Jak walczyć z nową, niedoświadczoną osobą w klubie BJJ?

Pewnie niejedna osoba, trenująca BJJ już przez jakiś czas, spotkała się z sytuacją, w której ma walczyć z niedoświadczoną osobą lub taką, która posiada doświadczenie np. w zapasach i myśli, że przychodząc po raz pierwszy na trening BJJ wie już wszystko. Często szybko dochodzi do zderzenia z rzeczywistością, a taki delikwent, z którym inni trenujący obchodzą się z jak z jajkiem, nie korzystają z treningu, tak jakby mogli. Inne osoby znajdują sposób na poradzenie sobie z taką jednostką, po prostu ją zawstydzając swoimi umiejętnościami. Jednakże zdarzają się przypadki, kiedy taki ogórek naraża innych trenujących albo przechwala się, że np. poddał trenera, więc widocznie ten jest słaby w BJJ.

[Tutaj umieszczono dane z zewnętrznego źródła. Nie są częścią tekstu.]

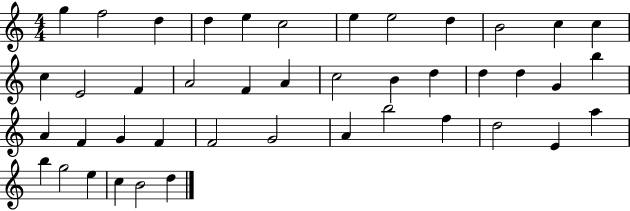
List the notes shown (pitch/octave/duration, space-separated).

G5/q F5/h D5/q D5/q E5/q C5/h E5/q E5/h D5/q B4/h C5/q C5/q C5/q E4/h F4/q A4/h F4/q A4/q C5/h B4/q D5/q D5/q D5/q G4/q B5/q A4/q F4/q G4/q F4/q F4/h G4/h A4/q B5/h F5/q D5/h E4/q A5/q B5/q G5/h E5/q C5/q B4/h D5/q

Z podobną sytuacją spotkał się Nick „Chewie” Albin, który to dawał szansę nowej osobie na przejście sobie do różnych pozycji. Jak bardzo się zdziwił, gdy ten sam gość zaczął przechwalać się i powiedział promotorowi walk, że poddał samego „Chewiego”. Ten natomiast nie mógł uwierzyć własnym uszom, jako że nowy adept BJJ nie potrafił na treningu nawet odpowiednio wykonać rozgrzewki.

Wprowadź tę zasadę do treningu

W nagraniu mówił, że posiadają w klubie niepisaną umowę, która brzmi następująco: jeśli poddasz kogoś bardzo szybko, do trzech razy, to później zwalniasz.

Nie chodzi o to, aby tę osobę zmiażdżyć, a technicznie dochodzić do poddań, tak, aby pokazać, że jest się dobrym w BJJ. Po zmniejszeniu obrotów, osoba świeża w temacie będzie miała kontrast, który uświadomi jej, że przeciwnik jest doświadczony i warto się od niego uczyć.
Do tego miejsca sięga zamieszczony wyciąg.